--- WORK TO COMPLETE ---
I'd like the records transcribed exactly, leaving the images out.

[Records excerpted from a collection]
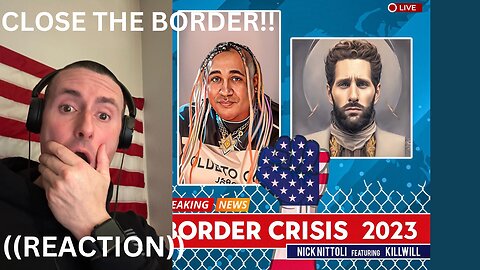 BORDER CRISIS | NICK NITTOLI FT. KILL WILL | ((REACTION))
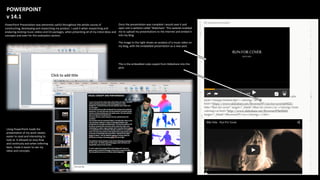 POWERPOINT
v 14.1
PowerPoint Presentation was extremely useful throughout the whole course of
constructing, developing and researching my product. I used it when researching and
analyzing existing music videos and CD packages, when presenting all of my initial ideas and
concepts and even for this evaluation section.
Using PowerPoint made the
presentation of my work neater,
easier to read and interesting to
look at. It allowed an easy flow
and continuity and when referring
back, made it easier to see my
ideas and concepts.
Once the presentation was complete I would save it and
open visit a website called ‘Slideshare’. This website enabled
me to upload my presentations to the internet and embed it
into my blog.
The image to the right shows an analysis of a music video on
my blog, with the embedded presentation as a new post.
This is the embedded code copied from Slideshare into the
post.
 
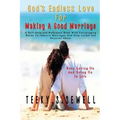 God's Endless Love For Making A Good Marriage: A Self-Help and Reference Book With Encouraging Words To Improve Marriages And Stop Verbal And Physical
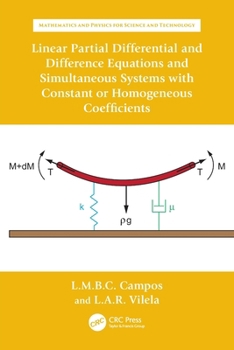 Linear Partial Differential and Difference Equations and Simultaneous Systems : With Constant or Homogeneous Coefficients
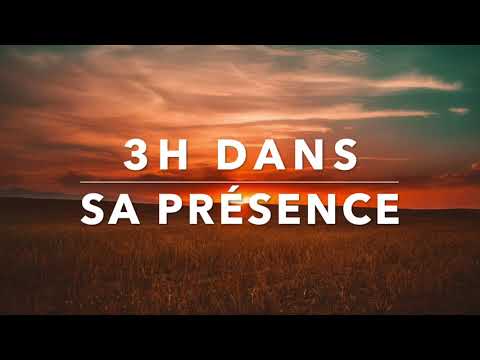3H DANS SA PRÉSENCE - Adoration au Piano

--- PROBLEM SOLUTION ---
 BORDER CRISIS | NICK NITTOLI FT. KILL WILL | ((REACTION))
 POWERPOINT
v 14.1
PowerPoint Presentation was extremely useful throughout the whole course of
constructing, developing and researching my product. I used it when researching and
analyzing existing music videos and CD packages, when presenting all of my initial ideas and
concepts and even for this evaluation section.
Using PowerPoint made the
presentation of my work neater,
easier to read and interesting to
look at. It allowed an easy flow
and continuity and when referring
back, made it easier to see my
ideas and concepts.
Once the presentation was complete I would save it and
open visit a website called ‘Slideshare’. This website enabled
me to upload my presentations to the internet and embed it
into my blog.
The image to the right shows an analysis of a music video on
my blog, with the embedded presentation as a new post.
This is the embedded code copied from Slideshare into the
post.
 
 God's Endless Love For Making A Good Marriage: A Self-Help and Reference Book With Encouraging Words To Improve Marriages And Stop Verbal And Physical
 Linear Partial Differential and Difference Equations and Simultaneous Systems : With Constant or Homogeneous Coefficients
3H DANS SA PRÉSENCE - Adoration au Piano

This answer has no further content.